Wednesday, March 30, 2016

The New Yorker

On the American Front Line Against ISIS
By Robin Wright 
America’s front line facing the Islamic State is more than two thousand miles from Brussels, as the crow flies, and then another ninety minutes by country road from the Kurdish capital of Erbil, in northern Iraq. The trip to Camp Swift, in Makhmour, the forward U.S. base, can be deceptively pastoral. I was slowed by a flock of sheep and goats crossing the road to a grassy plain sprinkled with budding yellow wildflowers. A curly-haired eighteen-year-old sheepherder, Mustafa Maghdid, picked up a young lamb to show me. A woolly white ram played at his feet. Millions of Iraqis fled as ISIS blitzed through the north, in 2014, but a determined few have been reluctant to surrender their herds or small farms. Tales of ISIS’s plunder are rampant. There is little left, according to the war grapevine, for those who may one day want to return.

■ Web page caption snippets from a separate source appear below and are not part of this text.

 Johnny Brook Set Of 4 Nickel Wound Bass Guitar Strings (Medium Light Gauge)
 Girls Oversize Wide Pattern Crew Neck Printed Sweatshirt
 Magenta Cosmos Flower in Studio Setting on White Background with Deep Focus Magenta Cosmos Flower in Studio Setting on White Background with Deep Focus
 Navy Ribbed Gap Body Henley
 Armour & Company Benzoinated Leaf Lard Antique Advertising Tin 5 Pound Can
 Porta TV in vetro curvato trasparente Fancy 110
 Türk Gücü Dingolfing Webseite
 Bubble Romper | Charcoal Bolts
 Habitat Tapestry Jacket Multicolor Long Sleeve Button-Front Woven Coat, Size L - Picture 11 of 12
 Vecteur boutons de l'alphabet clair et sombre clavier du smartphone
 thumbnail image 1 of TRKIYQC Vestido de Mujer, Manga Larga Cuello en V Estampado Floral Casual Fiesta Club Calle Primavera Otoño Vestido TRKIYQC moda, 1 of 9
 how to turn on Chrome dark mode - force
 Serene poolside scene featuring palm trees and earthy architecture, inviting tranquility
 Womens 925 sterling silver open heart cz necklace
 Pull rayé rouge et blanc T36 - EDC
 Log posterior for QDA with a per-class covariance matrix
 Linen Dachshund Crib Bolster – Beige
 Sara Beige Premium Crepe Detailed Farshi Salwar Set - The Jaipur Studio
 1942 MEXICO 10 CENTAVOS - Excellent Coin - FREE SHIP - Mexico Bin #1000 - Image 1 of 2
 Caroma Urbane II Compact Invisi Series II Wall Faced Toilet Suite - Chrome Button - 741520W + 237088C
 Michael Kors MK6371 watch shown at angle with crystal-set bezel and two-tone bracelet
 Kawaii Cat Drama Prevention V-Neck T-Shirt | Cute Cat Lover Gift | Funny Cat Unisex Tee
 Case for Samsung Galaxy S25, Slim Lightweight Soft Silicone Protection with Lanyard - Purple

The farming district of Makhmour is also one of the areas where ISIS has used primitive but deadly forms of chemical weapons—mustard gas and chlorine—since last August, most recently last month. It’s also the place where a Marine was killed this month by ISIS rocket fire. He was the second American killed since the U.S. withdrawal from Iraq, in 2011. He was deployed just 15 minutes from the border of the Islamic State's caliphate.